§ GIVEN DATA:
+-------+
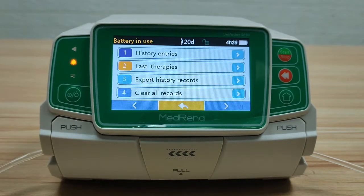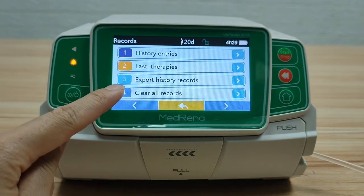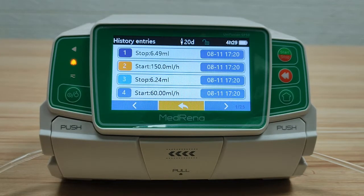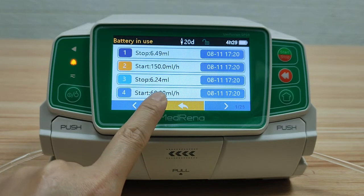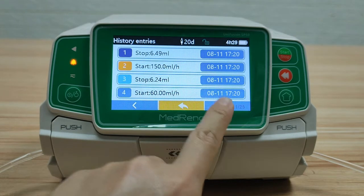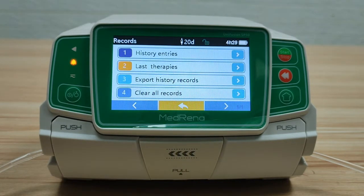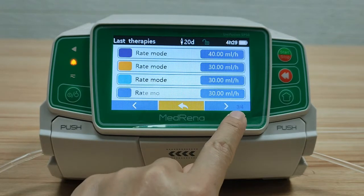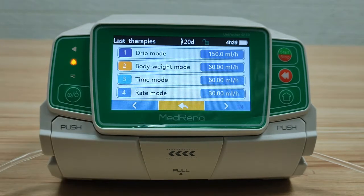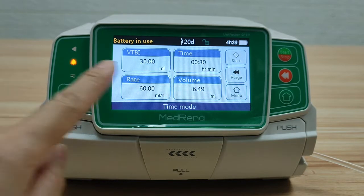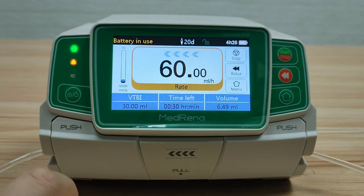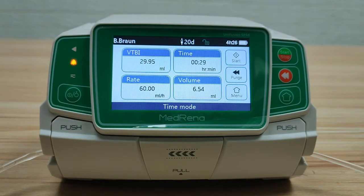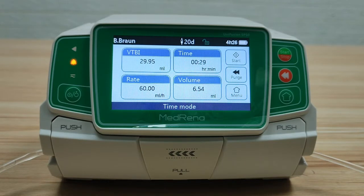Next is Record. There are four items here. First, history entries: the pump can store more than 5,000 records of previous operation data, showing date, time, infusion parameters, and operation details. The data is first-in, first-out. Second, last therapies: the pump can store 20 records of last therapies. Choose either one — it jumps to the screen of the infusion mode with all infusion parameters ready to start infusion. This can save time if users need to apply the same infusion as a previous session.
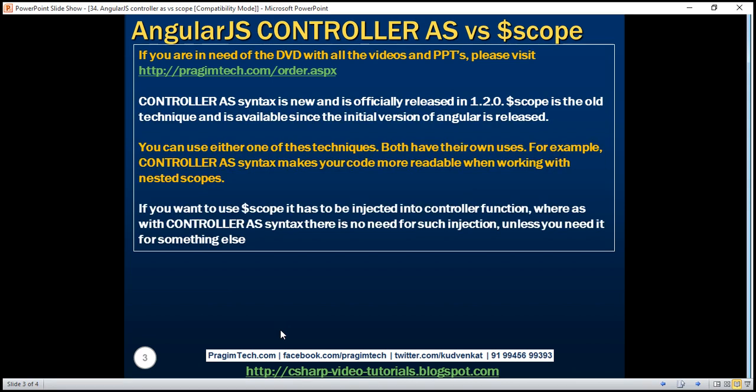If you want to use $scope it has to be injected into the controller function, whereas with controller as syntax there is no need for such injection unless you need the $scope object for something else.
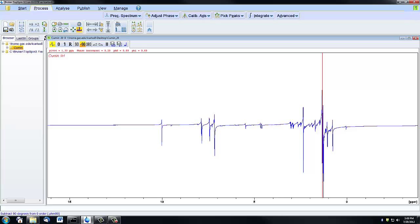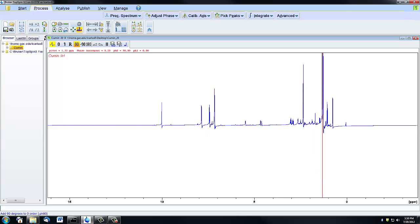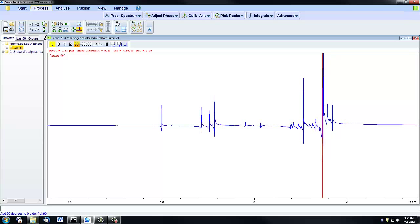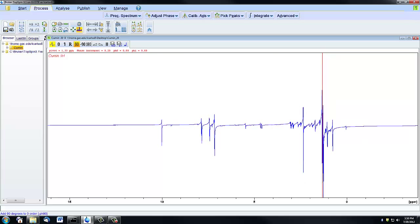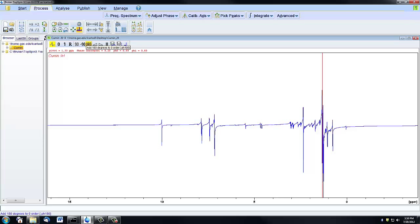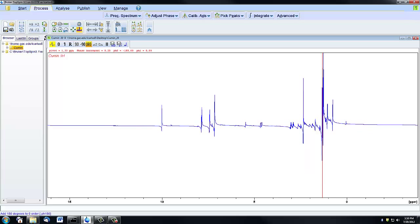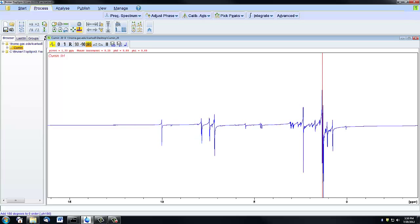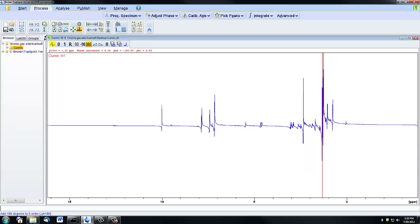These 90, minus 90, and 180 buttons will adjust your phasing by exactly that amount. If I push the 90, we're moving the phasing by 90 degrees. If I click this button four times, it should be back to where we began. Minus 90 is going to move in the opposite direction, and if I adjust the phasing by 180 degrees, the spectrum is going to invert itself.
+-------+
Retype all of the material above precisely as it reads. Pictures are not part of the copy.

Next is Record. There are four items here. First, history entries: the pump can store more than 5,000 records of previous operation data, showing date, time, infusion parameters, and operation details. The data is first-in, first-out. Second, last therapies: the pump can store 20 records of last therapies. Choose either one — it jumps to the screen of the infusion mode with all infusion parameters ready to start infusion. This can save time if users need to apply the same infusion as a previous session.
If you want to use $scope it has to be injected into the controller function, whereas with controller as syntax there is no need for such injection unless you need the $scope object for something else.
These 90, minus 90, and 180 buttons will adjust your phasing by exactly that amount. If I push the 90, we're moving the phasing by 90 degrees. If I click this button four times, it should be back to where we began. Minus 90 is going to move in the opposite direction, and if I adjust the phasing by 180 degrees, the spectrum is going to invert itself.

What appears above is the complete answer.